Hitachi Vantara Pentaho Community Forums
Results 1 to 19 of 19

Thread: Grouping XML data through STAX Parser

  1. #1
    Join Date
    Nov 2015
    Posts
    10

    Default Grouping XML data through STAX Parser

    Hello,

    I'm a newbie in learning Pentaho kettle. I have come across an impediment in developing my project. I would like to know if there's anyway we could use stax parser and dynamically group the elements depending on the file each day comes? For eg; today if an xml comes with 50 tags, I make my parser with 50 elements but tomorrow if a file comes with 40 tags, then it throws an error because we have designed the stax parser for 50 tags only. Therefore, I'm not sure how to dynamically order and group the data from the xml. I would really appreciate a response. Thank you.

    Abinash

  2. #2
    Join Date
    Aug 2011
    Posts
    360

    Default

    Hi,

    We need a sample xml, need to know what you are trying to do, and what you have done so far.

    Cheers

  3. #3
    Join Date
    Nov 2015
    Posts
    10

    Default

    Hi Mathias,

    Thank you for your response. Here's a sample xml, because of the data integrity and security issue - I'm not able to share the exact xml however, here's one that I created on my own..

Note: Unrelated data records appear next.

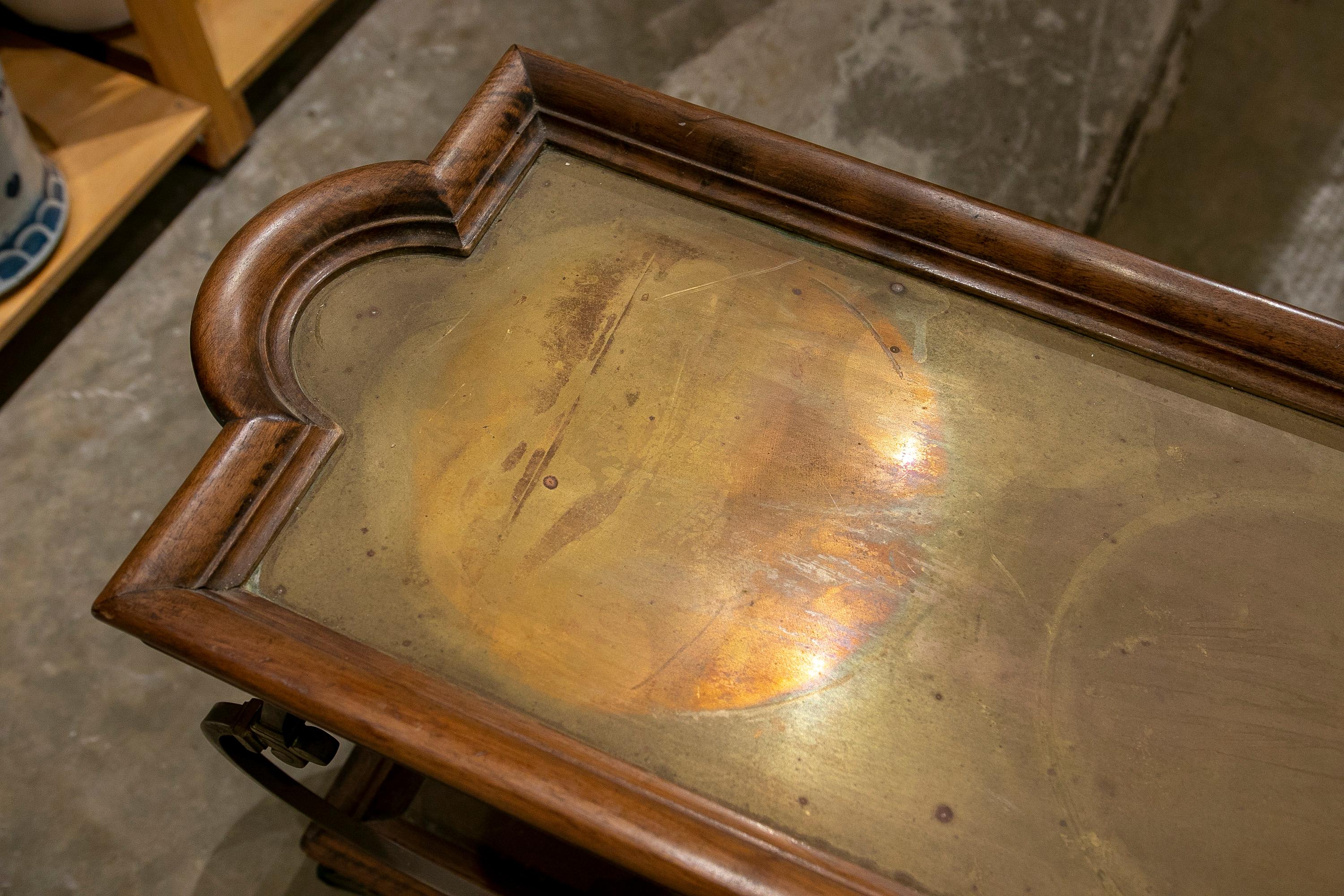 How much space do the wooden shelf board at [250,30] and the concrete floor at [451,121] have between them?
0.15 meters

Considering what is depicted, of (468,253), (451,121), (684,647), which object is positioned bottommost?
(451,121)

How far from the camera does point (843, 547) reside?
0.97 metres

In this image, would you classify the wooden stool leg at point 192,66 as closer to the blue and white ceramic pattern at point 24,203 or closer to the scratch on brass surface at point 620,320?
the blue and white ceramic pattern at point 24,203

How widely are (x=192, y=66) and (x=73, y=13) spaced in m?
0.27

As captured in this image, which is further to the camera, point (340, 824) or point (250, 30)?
point (250, 30)

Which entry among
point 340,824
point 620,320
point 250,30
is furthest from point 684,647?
point 250,30

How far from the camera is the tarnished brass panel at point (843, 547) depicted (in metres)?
0.86

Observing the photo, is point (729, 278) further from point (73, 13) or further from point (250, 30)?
point (73, 13)

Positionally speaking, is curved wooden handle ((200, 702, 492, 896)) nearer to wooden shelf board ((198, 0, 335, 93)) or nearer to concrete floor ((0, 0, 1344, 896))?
concrete floor ((0, 0, 1344, 896))

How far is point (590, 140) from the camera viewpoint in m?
1.18

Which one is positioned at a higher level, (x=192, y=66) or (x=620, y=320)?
(x=620, y=320)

    <reporting:type="ABC">
    <reporting:Rate>
    <name>John </name>
    <id> 345 </id>
    <personal details>
    <phone>67890364 </phone>
    <address>post lane </address>
    </personal details>
    <interest> 2</interest>
    </reporting:Rate>
    <reporting:Rate>
    <name>Freddy </name>
    <id> 678 </id>
    <personal details>
    <phone>67986573 </phone>
    </personal details>
    </reporting:Rate>
    <reporting:Rate>
    <name>Sam </name>
    <id>987 </id>
    </reporting:Rate>

    You see there are three rates in the xml - first rate has 6 tags, second rate has 3 tags and third rate has 2 tags. The table has 6 fields which is as per the first rate in which name and id are mandatory fields and rest all are optional. Now what I'm trying to do is group the data as per the 6 tags using row denormaliser and calculator. However, the grouping doesn't happen properly. Please find attached ktr. I have given a sequence number for all the rows coming out of the step level and adding a sequence number so that I can group based on that using a calculator step. Let me know if I need address any other details. Thank you.

    Abinash



    Quote Originally Posted by Mathias.CH View Post
    Hi,

    We need a sample xml, need to know what you are trying to do, and what you have done so far.

    Cheers
    Attached Images Attached Images    

  4. #4
    Join Date
    Nov 2015
    Posts
    10

    Default

    Can anyone please help on this?

  5. #5
    Join Date
    Apr 2008
    Posts
    4,696

    Default

    Why are you not using the "Get Data from XML" step?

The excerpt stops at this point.